[Opening Given information section]
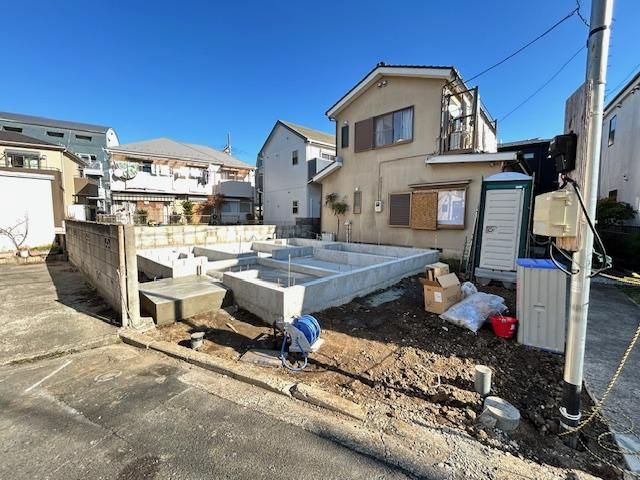 New 3LDK House Near Wadamachi Station, Yokohama - Thumbnail 2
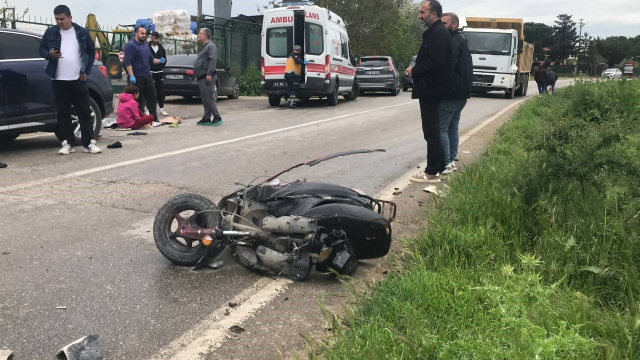 Edirne'de başıboş köpeklerin saldırdığı motosikletli otomobille çarpıştı: 2 yaralı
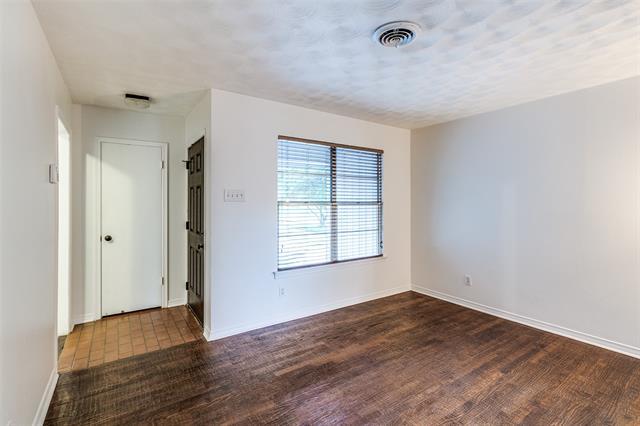 Foto del edificio - 2314 Rockyglen Dr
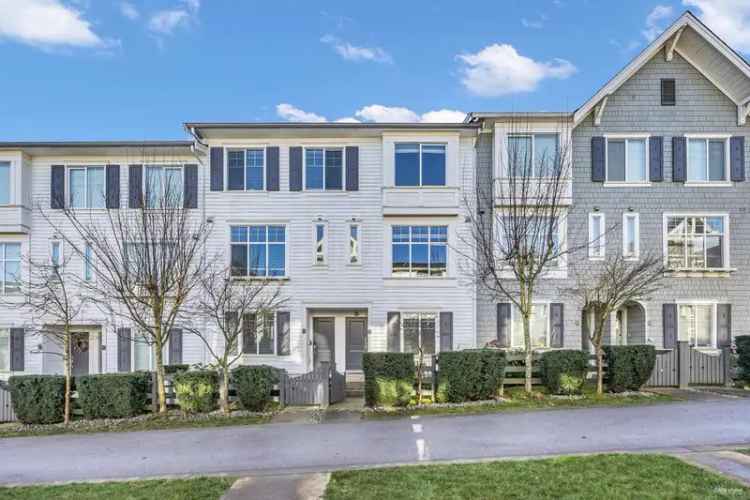 Condo For Sale in Surrey, British Columbia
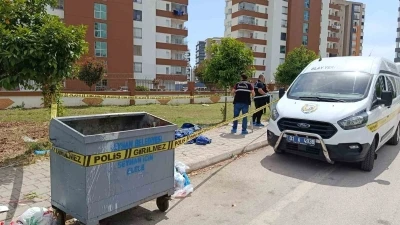 &Ccedil;&ouml;p konteynerinden insan kafatası &ccedil;ıktı
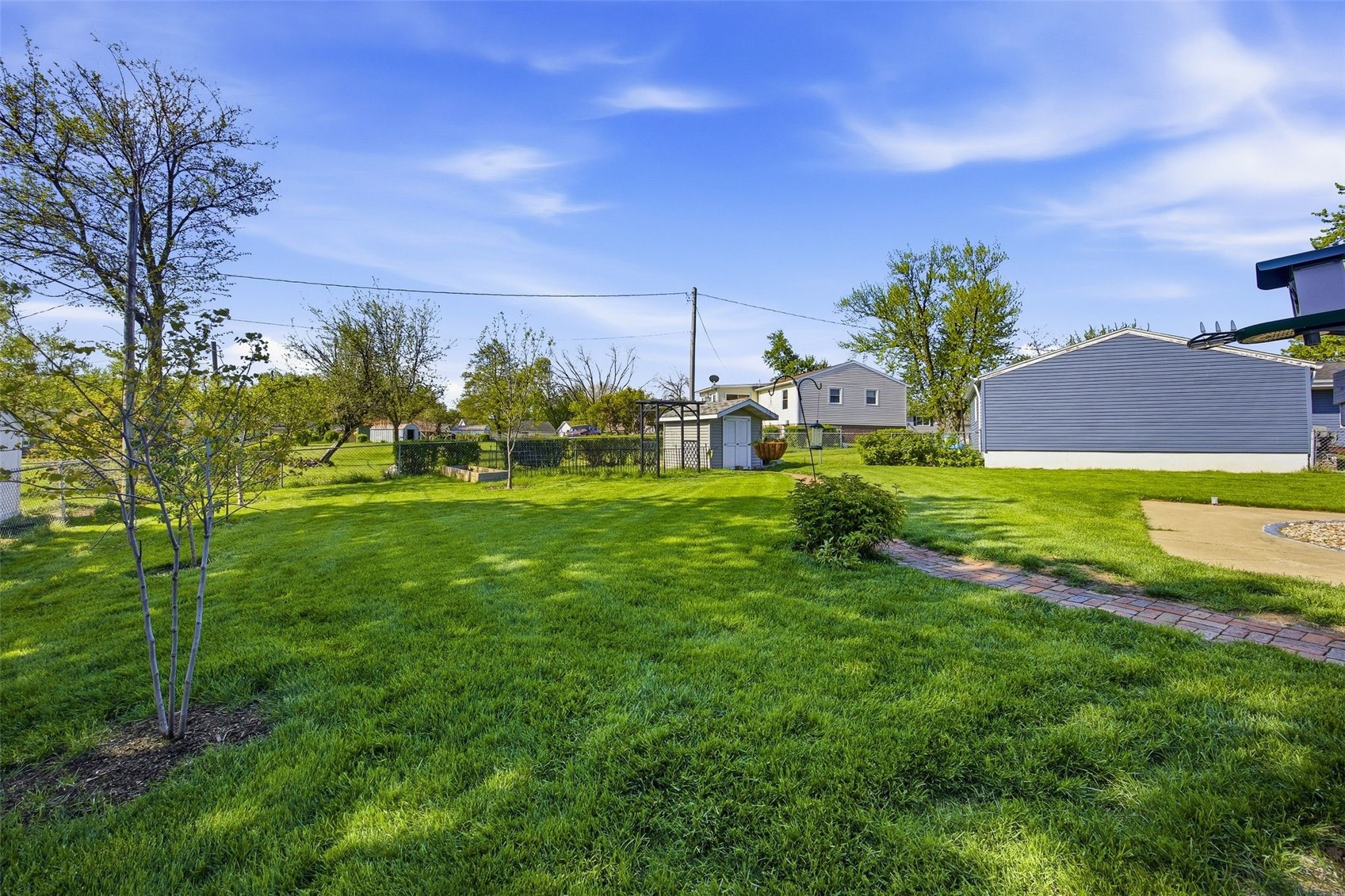 5769 Langdon Avenue SW Cedar Rapids IA 52404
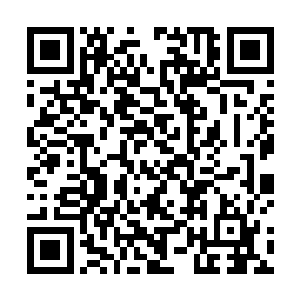 萧易走到一个店里的工作人员模样的中年男子面前问道二维码生成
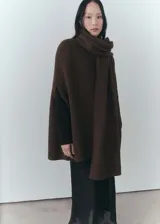 Abrigo marrón de tejido de punto de canalé con cuello bufanda, cierre de botones en la parte delantera y diseño recto sin mangas.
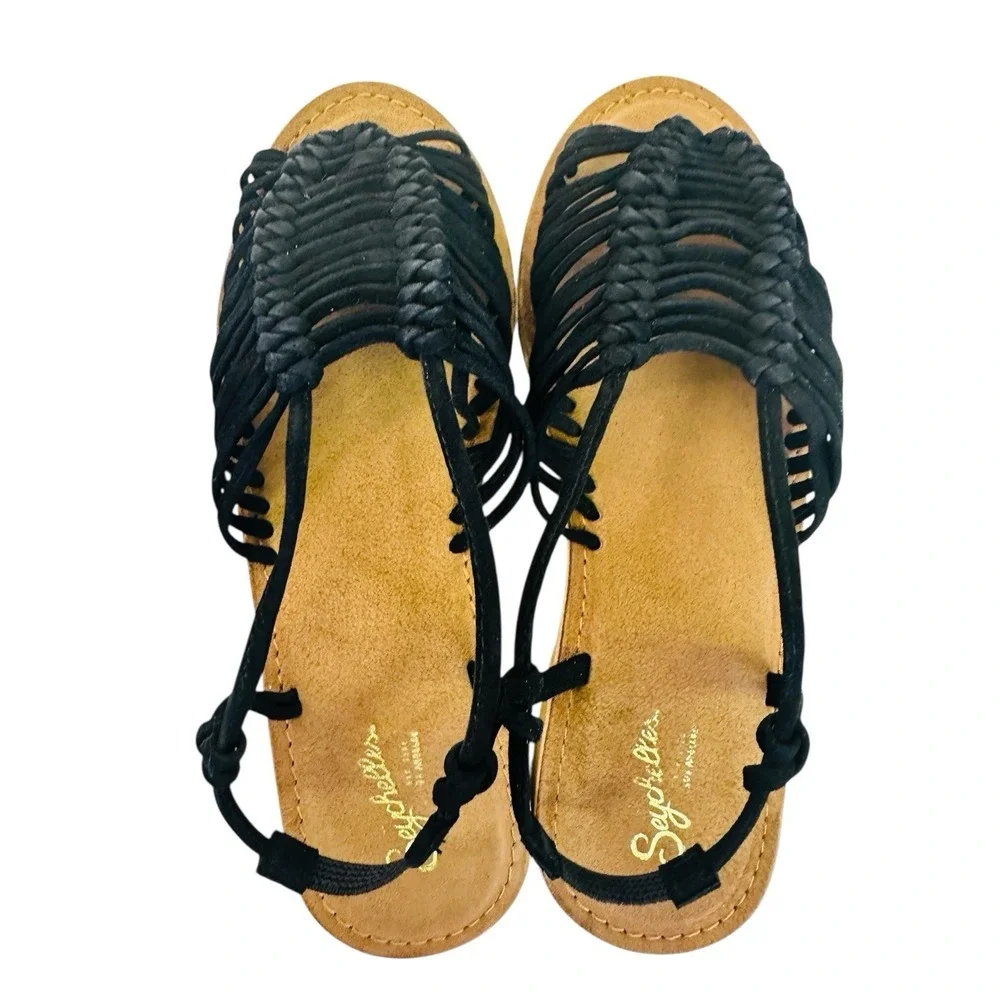 Seychelles women black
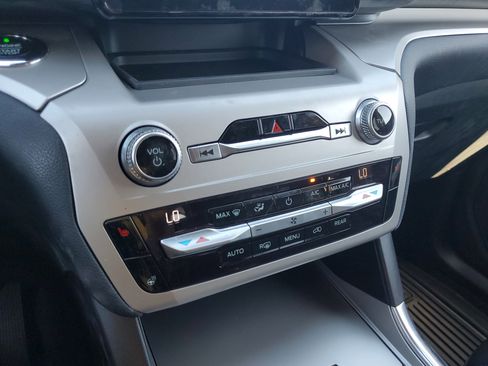 Used 2020 Ford Explorer XLT w/ Equipment Group 202A image 30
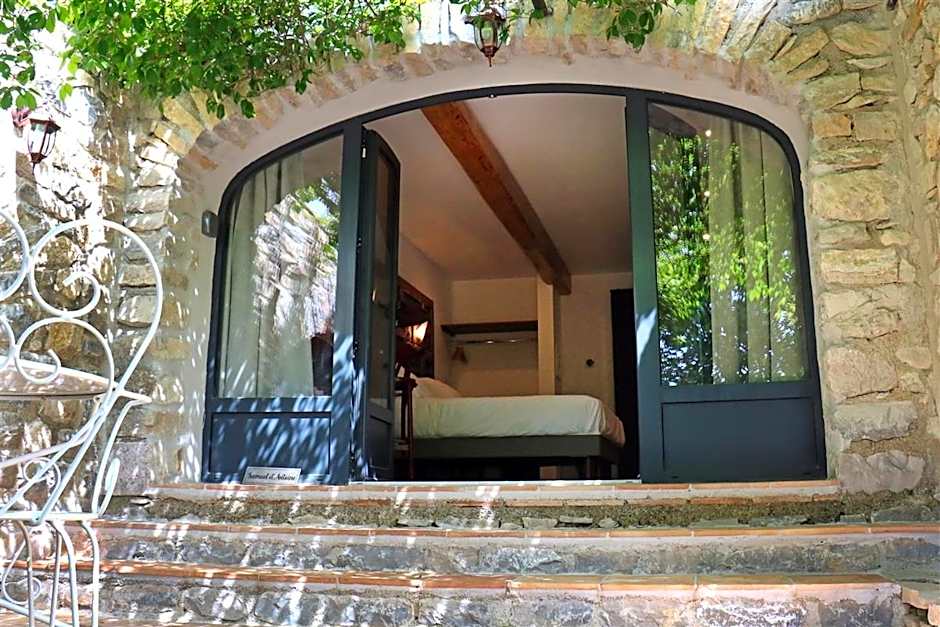 L Amourier chambres charme et confort avec Jacuzzi ou baignoire XXL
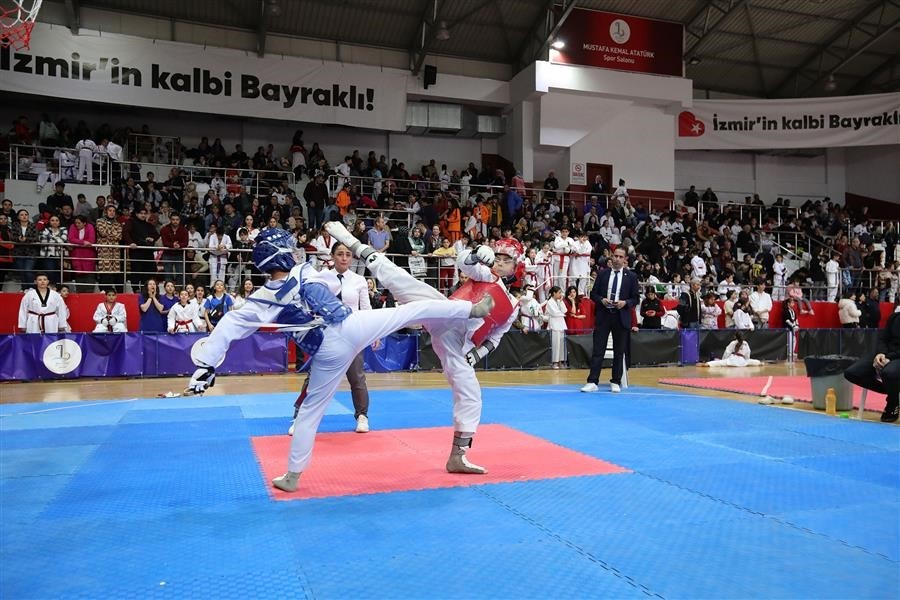 Bayraklı’da yaz spor okulları başladı
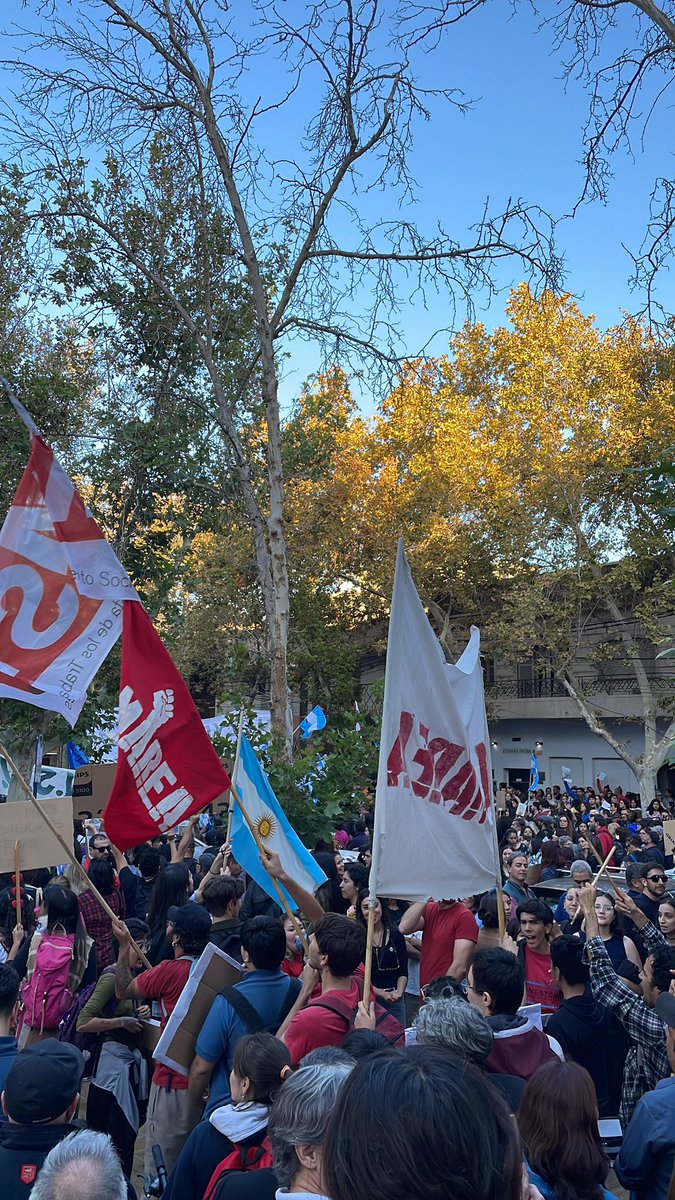 umbretuitz's tweet photo. Con la ENERC Cuyo marchamos en defensa de la educación pública, gratuita, federal y de calidad! No al desfinanciamento de las Universidades Nacionales! No al desguace del INCAA! https://t.co/sNOOlrhxPp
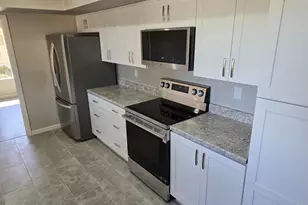 9706 W Long Hills Dr, Sun City, AZ 85351 - Photo 14
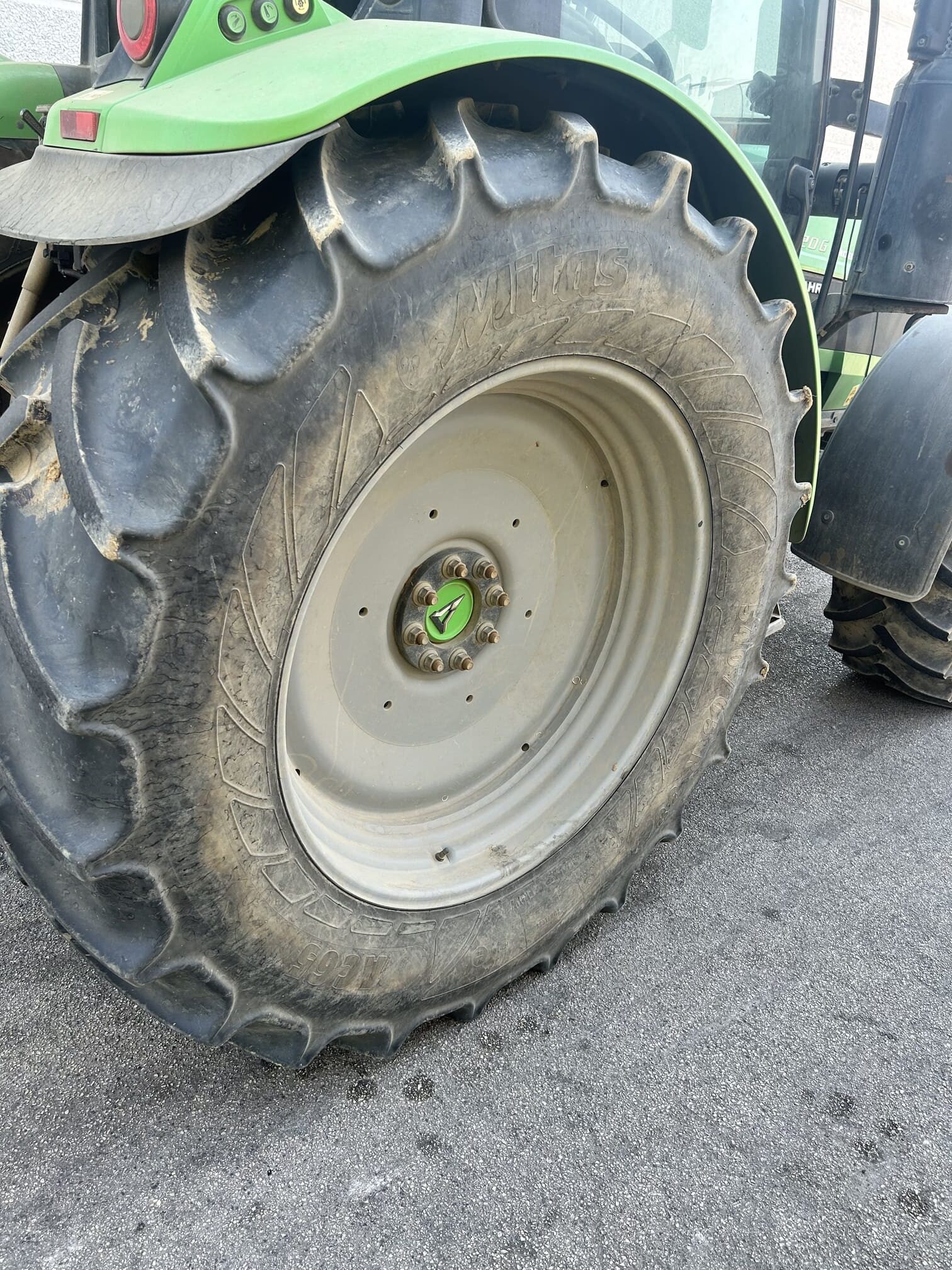 
								Trattore agricolo DEUTZ-FAHR 5120 G Usato ottimo stato – 3.988 h – 116CV – € 35.900 full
[Closing Given information section]
- [What the task requires]:
Your answer must be the entries written out word for word, without their pictures.

- [Solution]:
 New 3LDK House Near Wadamachi Station, Yokohama - Thumbnail 2
 Edirne'de başıboş köpeklerin saldırdığı motosikletli otomobille çarpıştı: 2 yaralı
 Foto del edificio - 2314 Rockyglen Dr
 Condo For Sale in Surrey, British Columbia
 &Ccedil;&ouml;p konteynerinden insan kafatası &ccedil;ıktı
 5769 Langdon Avenue SW Cedar Rapids IA 52404
 萧易走到一个店里的工作人员模样的中年男子面前问道二维码生成
 Abrigo marrón de tejido de punto de canalé con cuello bufanda, cierre de botones en la parte delantera y diseño recto sin mangas.
 Seychelles women black
 Used 2020 Ford Explorer XLT w/ Equipment Group 202A image 30
 L Amourier chambres charme et confort avec Jacuzzi ou baignoire XXL
 Bayraklı’da yaz spor okulları başladı
 umbretuitz's tweet photo. Con la ENERC Cuyo marchamos en defensa de la educación pública, gratuita, federal y de calidad! No al desfinanciamento de las Universidades Nacionales! No al desguace del INCAA! https://t.co/sNOOlrhxPp
 9706 W Long Hills Dr, Sun City, AZ 85351 - Photo 14
								Trattore agricolo DEUTZ-FAHR 5120 G Usato ottimo stato – 3.988 h – 116CV – € 35.900 full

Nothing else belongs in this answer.